═════ Records to process

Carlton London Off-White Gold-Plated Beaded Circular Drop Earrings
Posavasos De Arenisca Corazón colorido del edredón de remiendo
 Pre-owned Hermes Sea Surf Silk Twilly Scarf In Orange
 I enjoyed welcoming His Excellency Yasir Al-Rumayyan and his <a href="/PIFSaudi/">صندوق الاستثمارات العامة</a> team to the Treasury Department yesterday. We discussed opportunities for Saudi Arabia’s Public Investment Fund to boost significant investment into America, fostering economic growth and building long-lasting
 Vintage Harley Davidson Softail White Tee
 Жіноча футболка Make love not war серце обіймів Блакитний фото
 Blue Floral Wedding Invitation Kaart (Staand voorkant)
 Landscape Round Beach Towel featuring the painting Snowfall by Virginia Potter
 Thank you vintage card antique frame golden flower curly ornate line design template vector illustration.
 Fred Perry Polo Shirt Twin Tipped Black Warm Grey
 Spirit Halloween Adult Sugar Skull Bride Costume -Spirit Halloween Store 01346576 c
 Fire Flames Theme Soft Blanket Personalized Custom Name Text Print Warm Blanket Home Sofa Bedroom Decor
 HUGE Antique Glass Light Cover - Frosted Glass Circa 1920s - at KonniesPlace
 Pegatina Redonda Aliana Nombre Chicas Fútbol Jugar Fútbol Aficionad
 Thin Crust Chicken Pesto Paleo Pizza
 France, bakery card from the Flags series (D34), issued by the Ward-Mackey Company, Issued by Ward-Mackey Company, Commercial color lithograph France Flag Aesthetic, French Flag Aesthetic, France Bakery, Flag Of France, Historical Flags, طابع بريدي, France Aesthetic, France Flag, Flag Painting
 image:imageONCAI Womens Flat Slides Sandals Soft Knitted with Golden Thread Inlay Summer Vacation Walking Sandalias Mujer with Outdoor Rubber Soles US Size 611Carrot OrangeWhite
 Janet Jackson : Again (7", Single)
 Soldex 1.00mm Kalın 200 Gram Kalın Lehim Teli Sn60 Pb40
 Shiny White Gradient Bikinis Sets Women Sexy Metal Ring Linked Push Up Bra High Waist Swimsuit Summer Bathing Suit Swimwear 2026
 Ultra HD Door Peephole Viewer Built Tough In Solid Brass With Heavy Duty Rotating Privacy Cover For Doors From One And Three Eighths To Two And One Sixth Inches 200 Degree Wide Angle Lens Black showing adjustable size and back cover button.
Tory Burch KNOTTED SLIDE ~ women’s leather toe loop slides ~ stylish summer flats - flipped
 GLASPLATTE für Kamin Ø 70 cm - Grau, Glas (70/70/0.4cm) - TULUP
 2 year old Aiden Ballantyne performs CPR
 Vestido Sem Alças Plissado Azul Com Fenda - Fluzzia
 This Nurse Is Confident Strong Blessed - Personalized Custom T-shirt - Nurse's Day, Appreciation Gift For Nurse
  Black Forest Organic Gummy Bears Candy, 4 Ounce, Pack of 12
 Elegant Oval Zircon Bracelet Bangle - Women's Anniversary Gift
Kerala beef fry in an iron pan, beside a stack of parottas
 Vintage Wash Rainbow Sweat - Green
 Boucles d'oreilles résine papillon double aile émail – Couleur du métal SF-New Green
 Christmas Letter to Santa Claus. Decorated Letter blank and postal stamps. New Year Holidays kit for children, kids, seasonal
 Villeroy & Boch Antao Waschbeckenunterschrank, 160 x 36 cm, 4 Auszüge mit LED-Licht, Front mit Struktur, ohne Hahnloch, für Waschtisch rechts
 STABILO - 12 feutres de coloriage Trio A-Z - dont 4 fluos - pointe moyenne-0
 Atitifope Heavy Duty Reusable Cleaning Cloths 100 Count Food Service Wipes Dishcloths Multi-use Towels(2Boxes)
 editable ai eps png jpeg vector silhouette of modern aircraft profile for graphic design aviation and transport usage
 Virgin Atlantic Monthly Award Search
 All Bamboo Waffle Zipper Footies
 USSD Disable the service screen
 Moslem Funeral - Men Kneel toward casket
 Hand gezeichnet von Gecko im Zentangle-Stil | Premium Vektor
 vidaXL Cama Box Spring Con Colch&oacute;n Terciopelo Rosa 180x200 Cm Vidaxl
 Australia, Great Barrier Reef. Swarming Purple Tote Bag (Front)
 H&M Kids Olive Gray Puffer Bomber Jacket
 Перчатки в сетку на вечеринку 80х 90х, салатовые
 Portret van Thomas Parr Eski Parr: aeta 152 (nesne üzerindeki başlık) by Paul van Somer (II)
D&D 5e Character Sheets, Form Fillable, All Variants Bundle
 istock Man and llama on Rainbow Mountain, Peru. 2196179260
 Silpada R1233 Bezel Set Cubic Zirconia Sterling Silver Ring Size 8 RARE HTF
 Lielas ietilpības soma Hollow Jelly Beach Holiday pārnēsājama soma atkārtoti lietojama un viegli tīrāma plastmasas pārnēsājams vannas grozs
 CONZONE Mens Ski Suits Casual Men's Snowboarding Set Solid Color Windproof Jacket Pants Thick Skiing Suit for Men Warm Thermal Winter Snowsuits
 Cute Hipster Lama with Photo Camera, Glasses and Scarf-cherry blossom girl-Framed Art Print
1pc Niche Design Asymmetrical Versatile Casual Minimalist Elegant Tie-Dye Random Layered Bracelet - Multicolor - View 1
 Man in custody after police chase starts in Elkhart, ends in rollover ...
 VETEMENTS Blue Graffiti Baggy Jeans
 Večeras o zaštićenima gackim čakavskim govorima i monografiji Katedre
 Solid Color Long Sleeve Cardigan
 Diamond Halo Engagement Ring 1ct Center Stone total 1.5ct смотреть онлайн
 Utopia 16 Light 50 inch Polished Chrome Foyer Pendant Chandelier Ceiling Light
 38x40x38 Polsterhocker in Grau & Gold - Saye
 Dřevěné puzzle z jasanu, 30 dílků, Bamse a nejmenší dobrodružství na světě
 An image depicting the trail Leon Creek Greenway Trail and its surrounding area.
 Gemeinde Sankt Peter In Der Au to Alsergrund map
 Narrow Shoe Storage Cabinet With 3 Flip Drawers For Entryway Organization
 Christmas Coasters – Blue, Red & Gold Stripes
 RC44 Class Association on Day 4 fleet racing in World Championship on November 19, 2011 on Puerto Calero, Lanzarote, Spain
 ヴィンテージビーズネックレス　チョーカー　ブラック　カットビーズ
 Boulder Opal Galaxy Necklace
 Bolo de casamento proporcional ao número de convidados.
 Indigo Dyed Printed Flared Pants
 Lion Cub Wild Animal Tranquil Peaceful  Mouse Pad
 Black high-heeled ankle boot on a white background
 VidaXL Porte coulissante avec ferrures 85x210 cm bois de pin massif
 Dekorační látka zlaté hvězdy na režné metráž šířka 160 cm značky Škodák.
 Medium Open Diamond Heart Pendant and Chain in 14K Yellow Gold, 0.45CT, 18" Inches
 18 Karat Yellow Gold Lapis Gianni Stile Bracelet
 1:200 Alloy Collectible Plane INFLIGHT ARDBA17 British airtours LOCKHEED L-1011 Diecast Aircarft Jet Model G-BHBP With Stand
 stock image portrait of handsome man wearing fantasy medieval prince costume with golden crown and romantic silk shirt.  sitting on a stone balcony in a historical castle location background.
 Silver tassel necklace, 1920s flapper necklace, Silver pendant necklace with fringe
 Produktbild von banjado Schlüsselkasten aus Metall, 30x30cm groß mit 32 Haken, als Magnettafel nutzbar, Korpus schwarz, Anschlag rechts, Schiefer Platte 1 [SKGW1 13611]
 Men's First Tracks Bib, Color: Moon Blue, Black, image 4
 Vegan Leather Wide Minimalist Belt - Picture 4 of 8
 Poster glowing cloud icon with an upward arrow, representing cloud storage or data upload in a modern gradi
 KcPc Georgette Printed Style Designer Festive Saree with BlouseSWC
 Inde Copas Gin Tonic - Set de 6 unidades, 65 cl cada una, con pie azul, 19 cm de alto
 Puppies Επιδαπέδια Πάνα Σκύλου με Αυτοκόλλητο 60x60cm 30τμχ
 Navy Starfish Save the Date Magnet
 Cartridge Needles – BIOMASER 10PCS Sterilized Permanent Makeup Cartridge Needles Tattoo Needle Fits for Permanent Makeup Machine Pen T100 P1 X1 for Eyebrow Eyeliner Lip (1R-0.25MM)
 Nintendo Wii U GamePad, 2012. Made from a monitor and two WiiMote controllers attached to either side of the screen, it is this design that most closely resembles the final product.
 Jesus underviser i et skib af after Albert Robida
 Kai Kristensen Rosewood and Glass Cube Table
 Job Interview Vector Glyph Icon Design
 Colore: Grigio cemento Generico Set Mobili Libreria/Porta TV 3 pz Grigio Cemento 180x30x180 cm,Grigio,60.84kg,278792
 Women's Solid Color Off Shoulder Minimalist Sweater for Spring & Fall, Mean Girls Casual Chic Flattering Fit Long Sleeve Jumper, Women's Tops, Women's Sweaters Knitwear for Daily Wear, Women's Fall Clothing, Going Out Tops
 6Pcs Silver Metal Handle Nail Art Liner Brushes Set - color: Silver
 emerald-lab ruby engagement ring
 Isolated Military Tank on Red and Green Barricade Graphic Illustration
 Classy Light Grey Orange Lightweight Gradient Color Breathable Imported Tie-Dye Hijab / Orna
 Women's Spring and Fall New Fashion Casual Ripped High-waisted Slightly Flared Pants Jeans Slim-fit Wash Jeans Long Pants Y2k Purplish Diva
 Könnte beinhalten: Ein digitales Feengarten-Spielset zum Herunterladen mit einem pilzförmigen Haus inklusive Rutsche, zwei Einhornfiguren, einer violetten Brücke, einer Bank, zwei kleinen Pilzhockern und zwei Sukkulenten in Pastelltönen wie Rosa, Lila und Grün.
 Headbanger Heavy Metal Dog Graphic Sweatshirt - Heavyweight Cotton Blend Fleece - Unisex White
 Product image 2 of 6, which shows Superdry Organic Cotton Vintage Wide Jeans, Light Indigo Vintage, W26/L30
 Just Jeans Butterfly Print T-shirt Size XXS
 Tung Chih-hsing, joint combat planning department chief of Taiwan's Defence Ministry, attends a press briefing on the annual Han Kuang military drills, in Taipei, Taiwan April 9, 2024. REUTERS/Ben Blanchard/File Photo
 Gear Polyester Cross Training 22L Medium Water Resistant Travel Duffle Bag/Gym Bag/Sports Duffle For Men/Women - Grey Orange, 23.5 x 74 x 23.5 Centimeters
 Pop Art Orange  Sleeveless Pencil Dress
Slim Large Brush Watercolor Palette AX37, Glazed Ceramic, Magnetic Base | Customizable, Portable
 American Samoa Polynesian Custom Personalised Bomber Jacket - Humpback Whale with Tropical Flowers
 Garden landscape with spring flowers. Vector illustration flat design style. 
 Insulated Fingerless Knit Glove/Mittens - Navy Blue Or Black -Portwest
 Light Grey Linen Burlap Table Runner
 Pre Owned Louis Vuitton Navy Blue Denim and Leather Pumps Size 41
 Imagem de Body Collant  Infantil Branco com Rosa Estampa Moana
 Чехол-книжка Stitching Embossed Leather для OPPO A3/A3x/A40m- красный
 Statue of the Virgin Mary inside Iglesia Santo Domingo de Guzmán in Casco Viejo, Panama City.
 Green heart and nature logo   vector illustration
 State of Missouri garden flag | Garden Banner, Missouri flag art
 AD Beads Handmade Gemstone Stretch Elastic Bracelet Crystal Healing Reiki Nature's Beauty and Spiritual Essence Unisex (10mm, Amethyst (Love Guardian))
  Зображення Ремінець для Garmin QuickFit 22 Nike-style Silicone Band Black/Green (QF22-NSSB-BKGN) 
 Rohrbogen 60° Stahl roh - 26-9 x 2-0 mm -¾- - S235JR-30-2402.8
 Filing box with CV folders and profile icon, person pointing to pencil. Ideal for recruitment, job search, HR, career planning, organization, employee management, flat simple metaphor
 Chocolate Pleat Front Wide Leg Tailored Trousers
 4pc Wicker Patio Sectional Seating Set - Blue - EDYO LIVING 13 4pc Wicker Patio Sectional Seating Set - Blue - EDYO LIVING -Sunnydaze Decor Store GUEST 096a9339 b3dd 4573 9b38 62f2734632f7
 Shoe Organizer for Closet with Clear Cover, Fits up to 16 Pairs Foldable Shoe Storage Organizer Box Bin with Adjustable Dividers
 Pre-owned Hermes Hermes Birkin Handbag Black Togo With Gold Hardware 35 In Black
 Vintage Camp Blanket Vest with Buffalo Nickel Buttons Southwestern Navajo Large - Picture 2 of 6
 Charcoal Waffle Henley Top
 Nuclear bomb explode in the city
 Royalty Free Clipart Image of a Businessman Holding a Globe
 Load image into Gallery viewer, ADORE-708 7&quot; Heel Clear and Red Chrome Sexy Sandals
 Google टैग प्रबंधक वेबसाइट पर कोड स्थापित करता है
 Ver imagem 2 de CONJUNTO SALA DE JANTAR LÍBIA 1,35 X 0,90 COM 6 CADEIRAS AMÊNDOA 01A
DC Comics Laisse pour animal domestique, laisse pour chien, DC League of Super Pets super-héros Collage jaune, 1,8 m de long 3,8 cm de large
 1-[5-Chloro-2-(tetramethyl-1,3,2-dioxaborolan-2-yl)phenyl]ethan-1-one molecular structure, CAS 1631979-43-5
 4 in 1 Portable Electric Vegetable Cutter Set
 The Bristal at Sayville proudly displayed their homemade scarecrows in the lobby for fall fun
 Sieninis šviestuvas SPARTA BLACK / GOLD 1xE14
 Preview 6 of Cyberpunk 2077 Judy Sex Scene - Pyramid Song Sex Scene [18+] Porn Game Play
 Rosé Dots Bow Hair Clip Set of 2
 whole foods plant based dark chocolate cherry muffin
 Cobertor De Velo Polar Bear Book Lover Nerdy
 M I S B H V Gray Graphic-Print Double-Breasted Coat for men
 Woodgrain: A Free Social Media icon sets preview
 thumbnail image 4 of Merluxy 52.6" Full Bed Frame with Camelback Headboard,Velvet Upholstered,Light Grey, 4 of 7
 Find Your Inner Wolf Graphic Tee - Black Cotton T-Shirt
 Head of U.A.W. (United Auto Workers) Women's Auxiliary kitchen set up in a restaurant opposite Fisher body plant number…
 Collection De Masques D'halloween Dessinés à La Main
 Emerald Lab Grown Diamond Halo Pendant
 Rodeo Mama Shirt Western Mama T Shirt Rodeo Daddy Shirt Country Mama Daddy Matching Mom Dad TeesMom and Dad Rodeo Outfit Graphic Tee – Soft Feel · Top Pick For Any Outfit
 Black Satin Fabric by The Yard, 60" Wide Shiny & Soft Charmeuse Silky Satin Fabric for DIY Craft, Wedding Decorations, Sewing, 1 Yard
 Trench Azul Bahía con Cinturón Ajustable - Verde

══════════

--- The problem ---
Copy back the listing above exactly, but only from the line with "Produktbild von banjado" through the line with "Men's First Tracks", both ends included.

--- Your solution ---
 Produktbild von banjado Schlüsselkasten aus Metall, 30x30cm groß mit 32 Haken, als Magnettafel nutzbar, Korpus schwarz, Anschlag rechts, Schiefer Platte 1 [SKGW1 13611]
 Men's First Tracks Bib, Color: Moon Blue, Black, image 4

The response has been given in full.